Sansovino’s cartapeste were the focus of serious scholarly endeavour as early as 1886 when they were discussed in an article written by the great German art historian Wilhelm von Bode (1845-1929). Bode divided the reliefs into two types: the so-called Pardelfell type and what has subsequently been termed the Vittorio Veneto type. Bode illustrates the latter type with a line drawing of a sculpture then being offered on the art market, which bore the signature IACOBVS / SANSVINVS / F; this is today identified as the relief in the Museo del Cenedese, Vittorio Veneto, which lends its name to the type. The Pardelfell type is thought to be the earlier, known from only two examples: one in the Staatliche Museum, Berlin (inv. no. 285), the other in the Szépművészeti Múzeum, Budapest (inv. no. 4791). The Vittorio Veneto type has greater affinities with Sansovino’s late career, whilst the larger number of examples may signify the model’s success. The surviving reliefs of this type are held in: the Museo del Cenedese, Vittorio Veneto (Treviso); the Musée du Louvre, Paris (inv. no. RF 746); the Museo Nazionale del Bargello, Florence (inv. no. 471); the Civico Museo Correr, Venice (inv. no. CL.XXI.92); the Kaiser Wilhelm Museum, Krefeld (inv. no. 75/1905); the Staatliche Museum, Berlin (inv. no. 287); Villa la Pietra (New York University; two examples); the Kimbell Art Museum, Fort Worth (inv. no. 1984.25); and the National Gallery of Art, Washington D.C. (inv. no. 1961.1.6). The Castle Howard example, which is of the Vittorio Veneto type, stands alone as the remaining relief in private hands.

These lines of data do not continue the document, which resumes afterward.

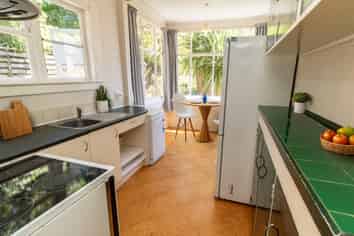 97A Duncan Terrace (upstairs), Kilbirnie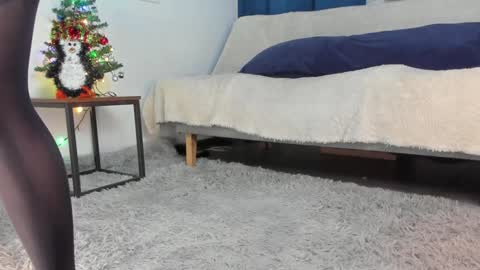 Mariana Vargas online show from 10, 12, 2024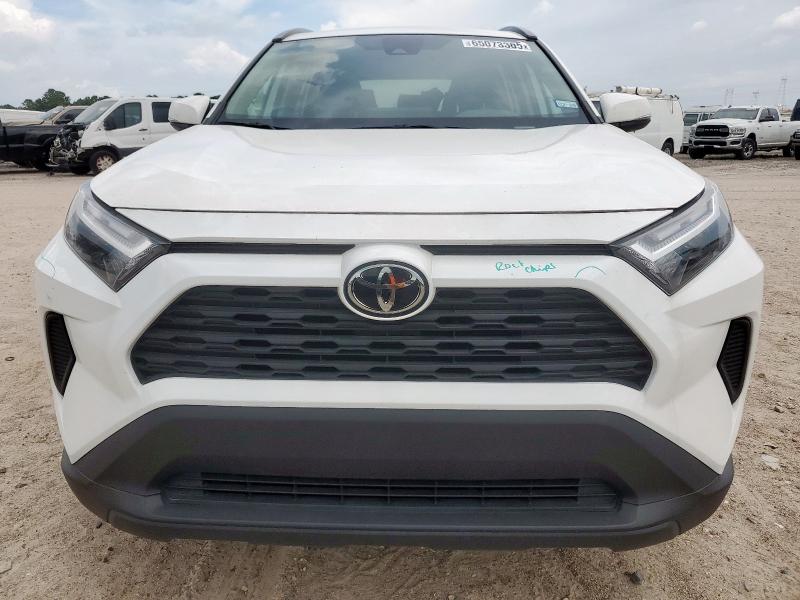 2T3W1RFVXRW320207 - 2024 TOYOTA RAV4 XLE WHITE photo 5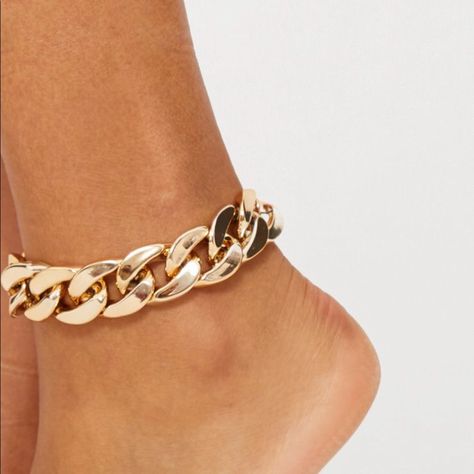 Brand New! Never Worn! Chunky Gold Anklet. Chunky Anklet, Gold Chain Anklet, Spring Summer Fashion Trends, Chunky Gold Chain, Accessories Gold, Gold Anklet, Trash Bin, Chain Anklet, Body Chain Jewelry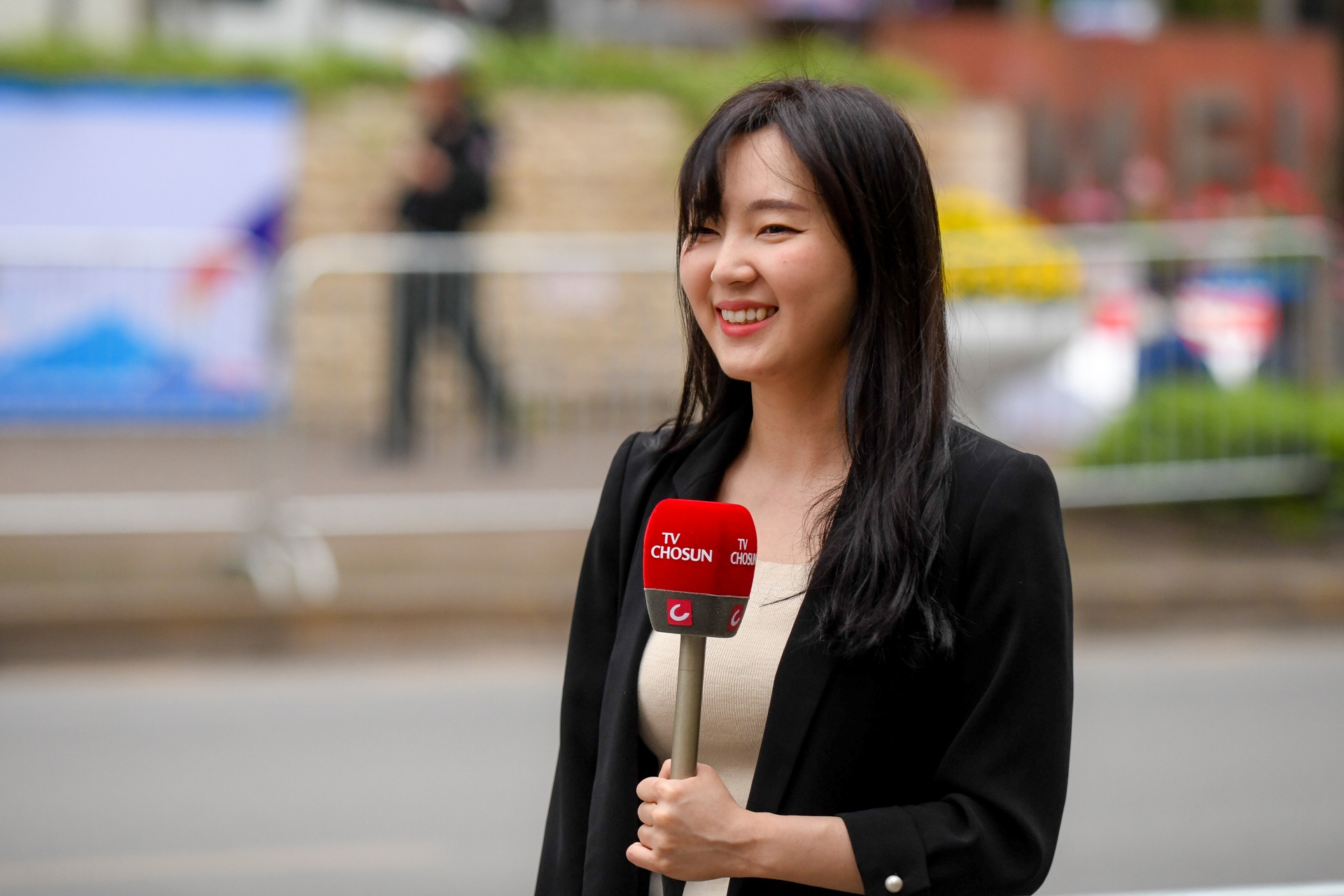 Dan phong vien 'trai xinh gai dep' tai Hoi nghi thuong dinh My - Trieu hinh anh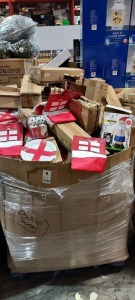 FULL PALLET MIXED ENGLAND CHRISTMAS LOT CONTAINING - ENGLAND CAR FLAGS - LARGE ENGLAND CHRISTMAS FLAGS - ENGLAND CHRISTMAS MUGS - PAPER PLATES - CHRISTMAS HATS - ENGLAND NAPKINS - FOOTBALL STRING LIGHTS - INFLATABLE SANTA ETC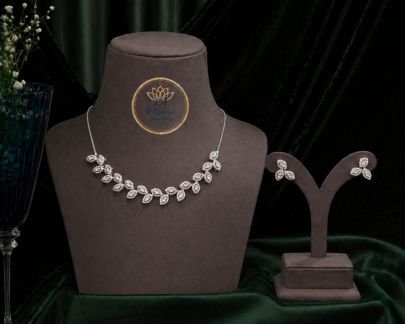 Elegant Leaf Pattern Necklace Set with Earrings in 92.5 Silver Gold Plated | Minimal Party Wear Jewellery – Divine Jewellery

The Pardelfell and Vittorio Veneto types differ in two principal respects: whereas in the former the Virgin turns to the dexter to face a standing Infant Christ, in the latter She turns to the sinister, supporting a reclining Christ Child in her arms. In accordance with earlier scholarship, Bruce Boucher in his seminal monograph, The Sculpture of Sansovino, dates both types to the artist’s Venetian career, subsequent to his work in Rome. Comparing the Pardelfell Virgin with the heads of veiled women in the background of the sculptor’s magisterial relief of the Miracle of the Maiden Carilla in the Santo, Padua, as well as the figure of Peace from the Loggetta below the Campanile di San Marco, Boucher suggests that the model dates to circa 1540 (Boucher, op. cit., p. 347). Amusingly, the Pardelfell type gains its unusual name from an error made by Bode. The German word ‘Pardelfell’ tanslates as ‘leopard pelt’, reflecting Bode’s mistaken observation that the Virgin and Child are wrapped in leopard skins, whereas in reality they are draped in white silk damask with black foliate decoration (Bode often wrote his expertises on the basis of black and white photographs).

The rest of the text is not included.